**TASK TO CARRY OUT:** Your output should be the lines below from the one with "Hyundai Avante 2017, 134964" through the one with "Ubrania z kolekcji Calzedonia x Superga", copied exactly, pictures excluded.
Segment Start: LISTED RECORDS
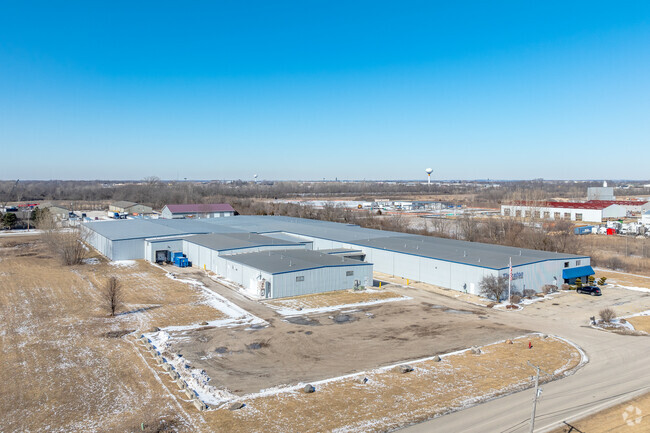 Plus de détails pour 2000 Ashley Rd, Morris, IL - Industriel à vendre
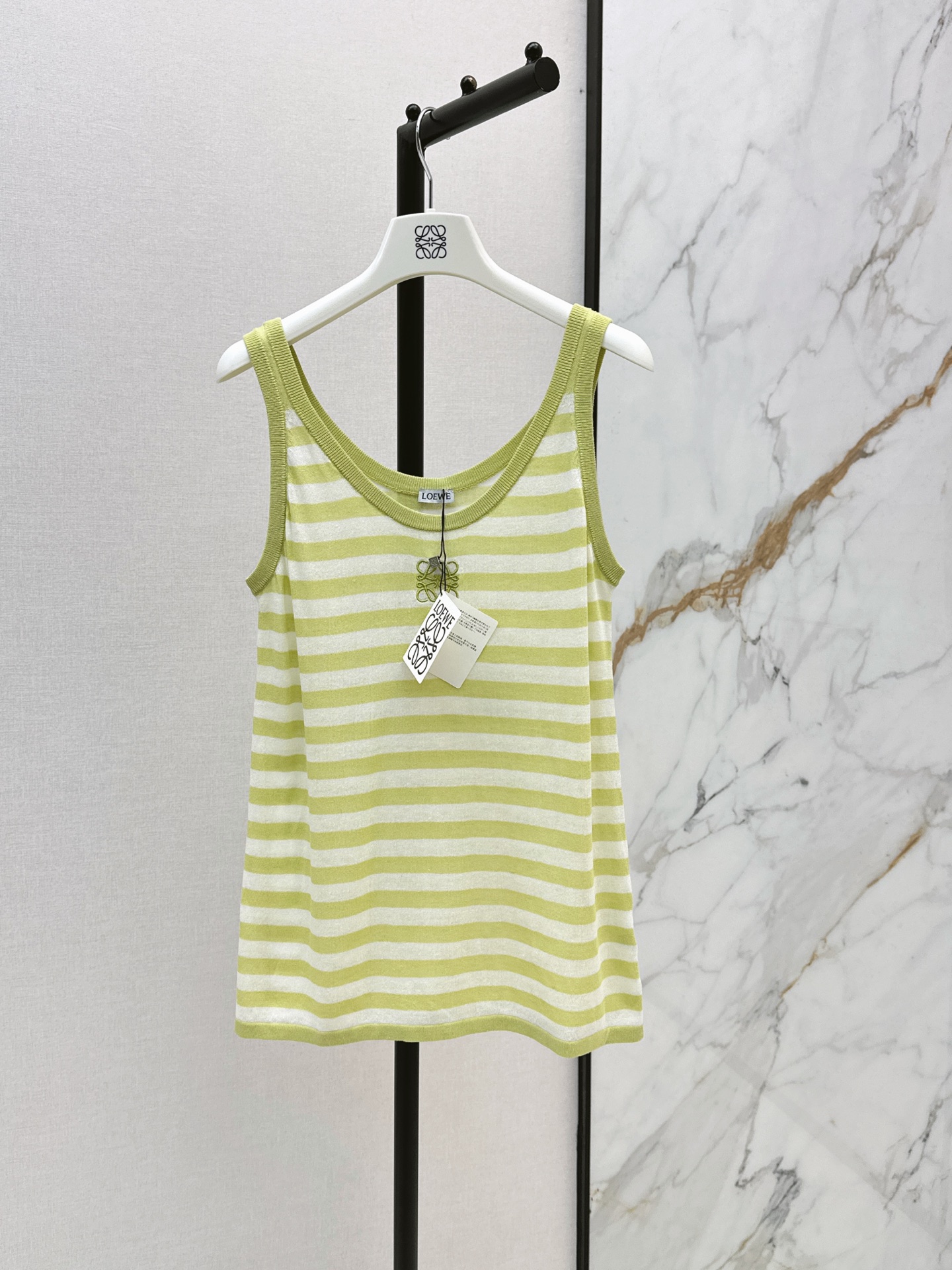NO:900665,Versatile item Loe 26Ss————The latest sleeveless striped vest for spring and summer. Summer Look ~ The classic vest is simple but not simple. The simple embroidered logo on the chest is super beautiful. It looks great as an inner layer or worn alone. A casual and simple item. Two-color sml,, loewe,19860909百搭单品 Loe 26Ss————春夏最新款无袖条纹背心夏日Summer Look ～经典背心简单不简约 胸前的简单刺绣logo超好看 当做内搭或单穿都非常好看 随性简约的单品 两色sml,,loewe,,Women's clothing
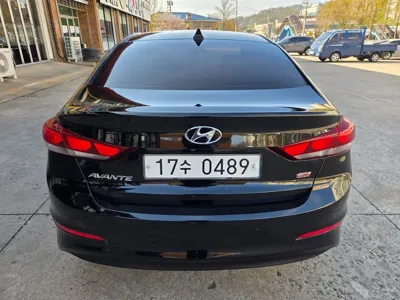 Hyundai Avante 2017, 134964 км, за 4551.67 USD
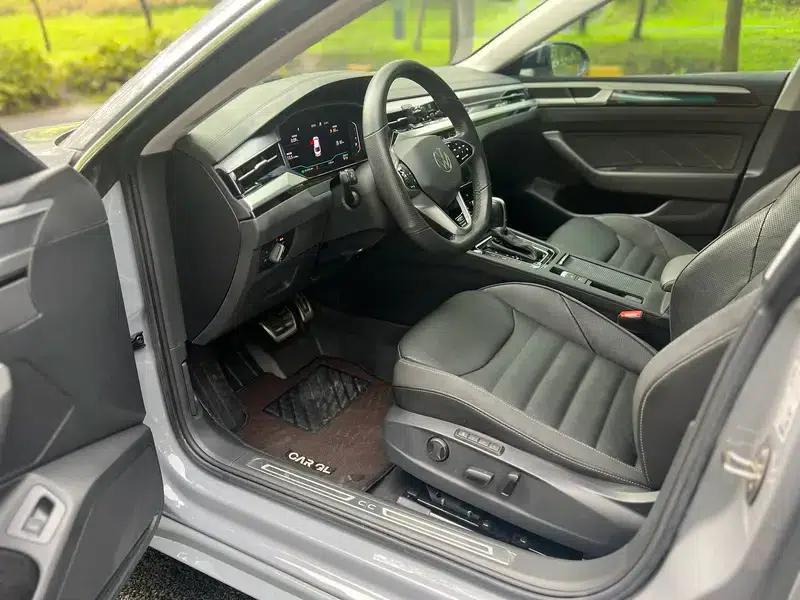 Volkswagen CC 2023 380TSI Striking Edition — миниатюра 9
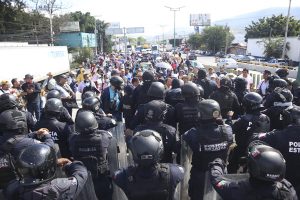 Cierran maestros la autopista; exigen pagos y la libertad de su líder detenido en la protesta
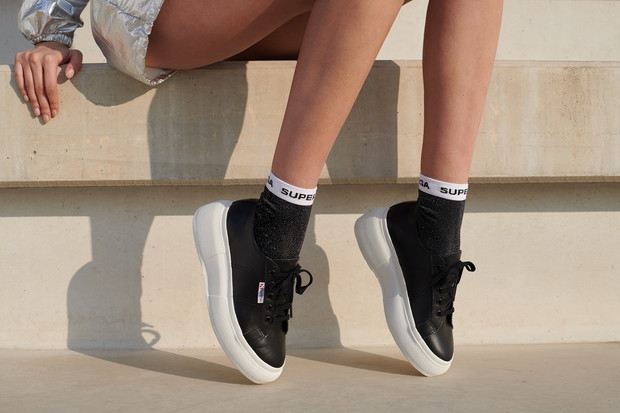 Ubrania z kolekcji Calzedonia x Superga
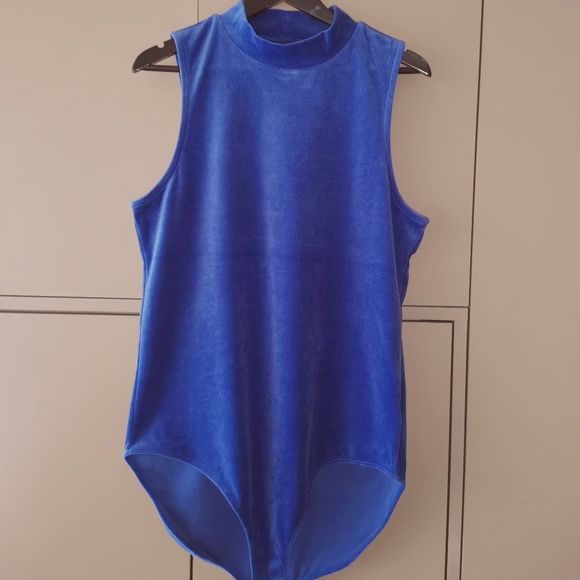 GAP Mockneck Velour Bodysuit - (XL Tall) - Picture 2 of 11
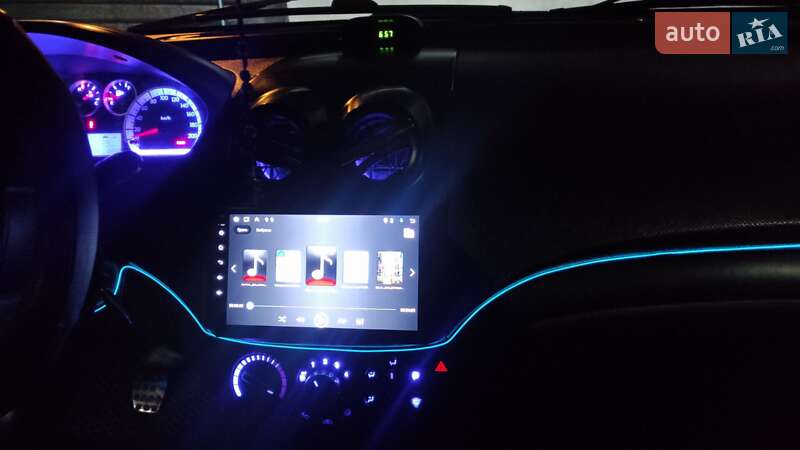 Седан Chevrolet Aveo 2006 в Львове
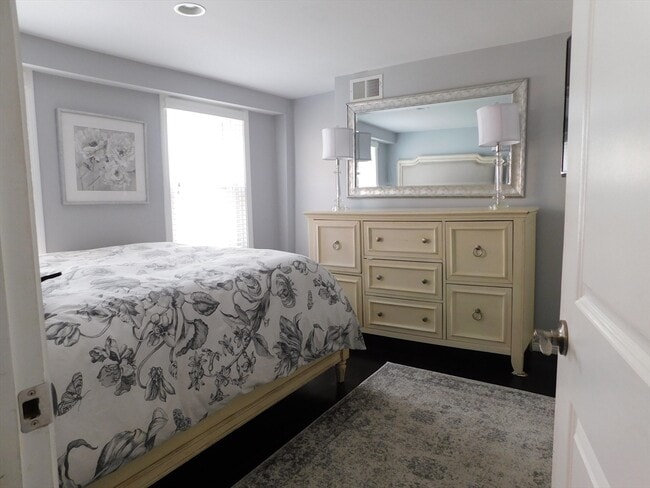 Photo - 215 Bolton St Unit 1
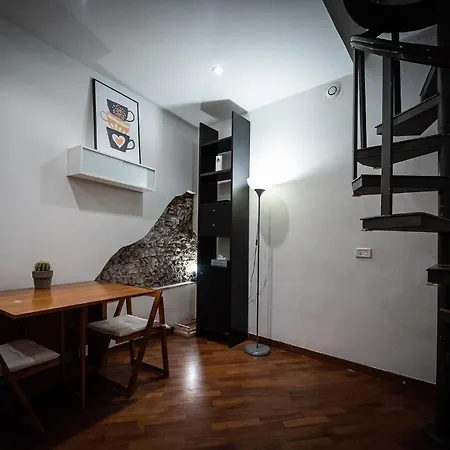 Apartment Incantevole Nel Cuore Di Roma, Monti *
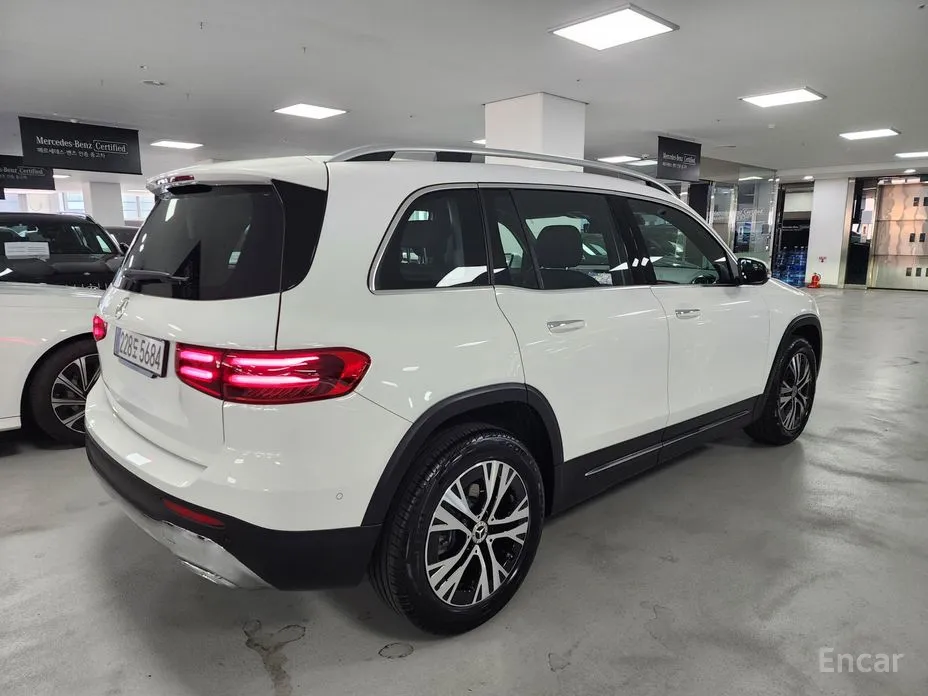 Mercedes-Benz GLB-Class, 2025 — фото 4 из 9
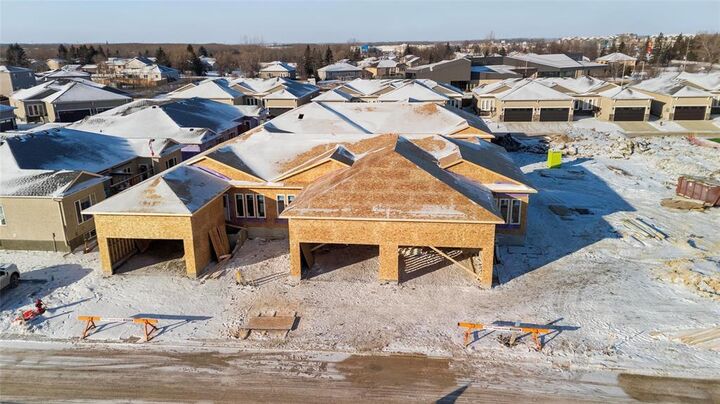 Property Photo:  804 Manitoba Avenue  MB R1A 2C9 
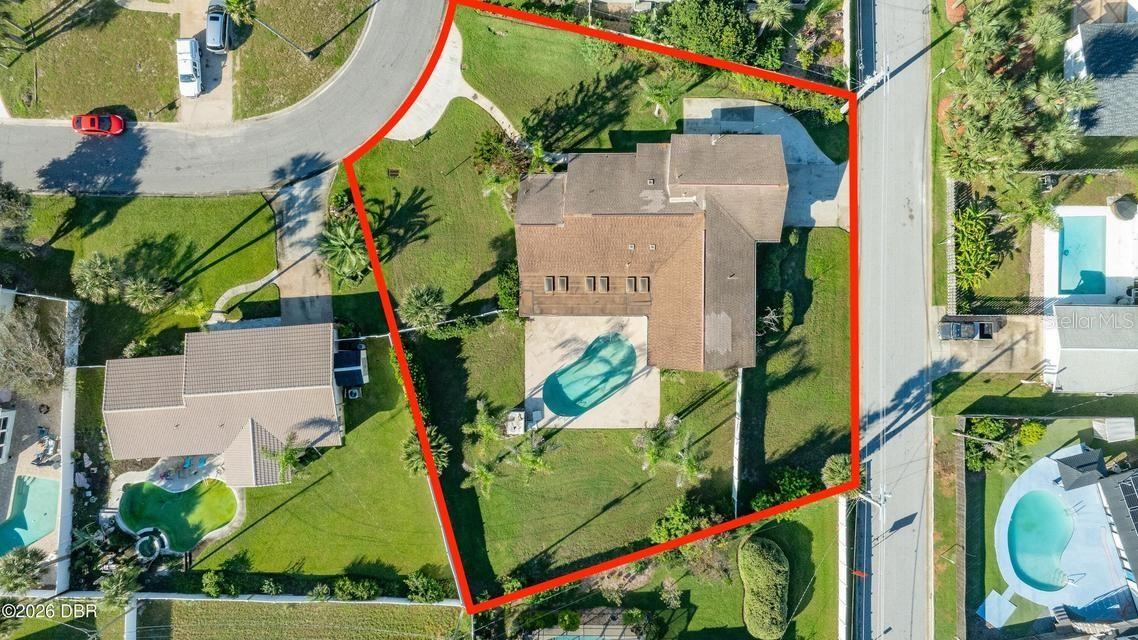 Photo 4 of 18: Huge Lot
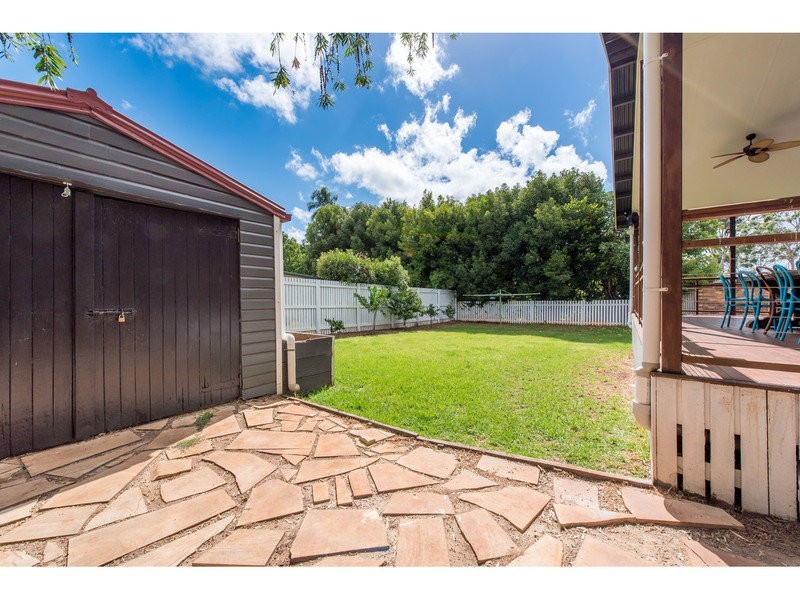19 Henderson Street, Newtown QLD 4350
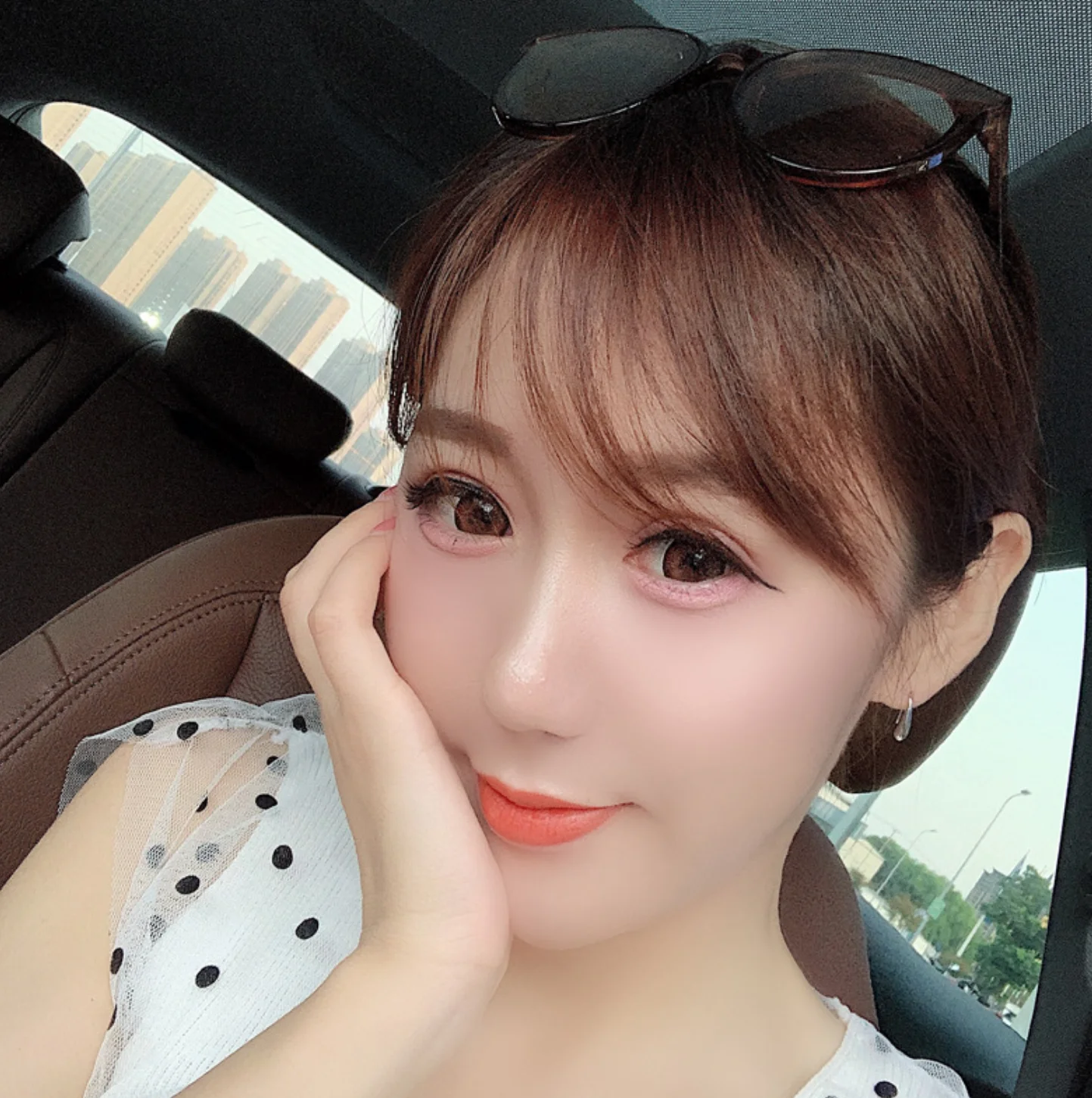 

Trendy fashion cool style hip-hop geometric drop-shaped earrings New niche line design simple earrings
Segment End: LISTED RECORDS
**TASK RESPONSE:**
 Hyundai Avante 2017, 134964 км, за 4551.67 USD
 Volkswagen CC 2023 380TSI Striking Edition — миниатюра 9
 Cierran maestros la autopista; exigen pagos y la libertad de su líder detenido en la protesta
 Ubrania z kolekcji Calzedonia x Superga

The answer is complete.